Input material —
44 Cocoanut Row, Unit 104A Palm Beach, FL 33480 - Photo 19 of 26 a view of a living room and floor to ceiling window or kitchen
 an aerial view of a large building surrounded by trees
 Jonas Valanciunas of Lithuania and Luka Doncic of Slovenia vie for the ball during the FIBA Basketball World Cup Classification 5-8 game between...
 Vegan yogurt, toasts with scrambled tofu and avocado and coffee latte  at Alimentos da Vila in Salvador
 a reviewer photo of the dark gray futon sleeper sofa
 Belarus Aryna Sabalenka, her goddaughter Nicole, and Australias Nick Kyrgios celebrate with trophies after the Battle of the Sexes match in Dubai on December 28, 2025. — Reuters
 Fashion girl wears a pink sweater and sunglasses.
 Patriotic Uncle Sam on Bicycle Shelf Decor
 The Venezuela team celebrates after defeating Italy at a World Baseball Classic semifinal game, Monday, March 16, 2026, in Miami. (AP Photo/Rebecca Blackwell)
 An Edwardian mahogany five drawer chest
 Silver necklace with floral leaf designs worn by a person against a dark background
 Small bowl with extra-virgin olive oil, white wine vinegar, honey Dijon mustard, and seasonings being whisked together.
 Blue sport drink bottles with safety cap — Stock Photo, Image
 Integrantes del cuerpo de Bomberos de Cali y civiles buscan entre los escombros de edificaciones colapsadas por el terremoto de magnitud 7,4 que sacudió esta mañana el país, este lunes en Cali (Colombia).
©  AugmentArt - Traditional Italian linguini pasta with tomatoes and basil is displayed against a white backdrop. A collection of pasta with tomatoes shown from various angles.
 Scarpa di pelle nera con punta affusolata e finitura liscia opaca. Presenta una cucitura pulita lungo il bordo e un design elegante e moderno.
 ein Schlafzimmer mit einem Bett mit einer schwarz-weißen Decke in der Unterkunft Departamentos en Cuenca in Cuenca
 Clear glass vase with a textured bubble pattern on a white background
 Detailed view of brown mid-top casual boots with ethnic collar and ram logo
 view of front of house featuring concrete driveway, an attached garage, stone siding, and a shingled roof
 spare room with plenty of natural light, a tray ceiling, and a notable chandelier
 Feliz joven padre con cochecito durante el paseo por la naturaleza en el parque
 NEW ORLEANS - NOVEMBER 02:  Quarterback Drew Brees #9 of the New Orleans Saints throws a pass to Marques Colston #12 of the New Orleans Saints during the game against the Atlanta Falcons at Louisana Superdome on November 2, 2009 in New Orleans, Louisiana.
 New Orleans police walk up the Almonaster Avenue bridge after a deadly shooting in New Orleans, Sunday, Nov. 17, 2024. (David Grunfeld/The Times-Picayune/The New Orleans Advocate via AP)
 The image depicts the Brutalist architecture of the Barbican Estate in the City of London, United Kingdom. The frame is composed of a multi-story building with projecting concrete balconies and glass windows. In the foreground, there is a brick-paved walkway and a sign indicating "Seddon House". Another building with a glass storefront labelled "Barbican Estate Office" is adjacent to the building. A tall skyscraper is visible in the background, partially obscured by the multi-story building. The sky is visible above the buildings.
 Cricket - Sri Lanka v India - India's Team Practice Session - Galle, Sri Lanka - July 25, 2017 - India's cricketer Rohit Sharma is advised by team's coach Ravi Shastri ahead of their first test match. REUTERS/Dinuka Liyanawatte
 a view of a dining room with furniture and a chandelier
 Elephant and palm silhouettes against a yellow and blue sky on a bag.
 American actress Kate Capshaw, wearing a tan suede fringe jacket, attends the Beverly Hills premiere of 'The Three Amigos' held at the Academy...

Task requirements —
Check the lines above and copy each one that includes "background".

Output —
 Silver necklace with floral leaf designs worn by a person against a dark background
 Clear glass vase with a textured bubble pattern on a white background
 The image depicts the Brutalist architecture of the Barbican Estate in the City of London, United Kingdom. The frame is composed of a multi-story building with projecting concrete balconies and glass windows. In the foreground, there is a brick-paved walkway and a sign indicating "Seddon House". Another building with a glass storefront labelled "Barbican Estate Office" is adjacent to the building. A tall skyscraper is visible in the background, partially obscured by the multi-story building. The sky is visible above the buildings.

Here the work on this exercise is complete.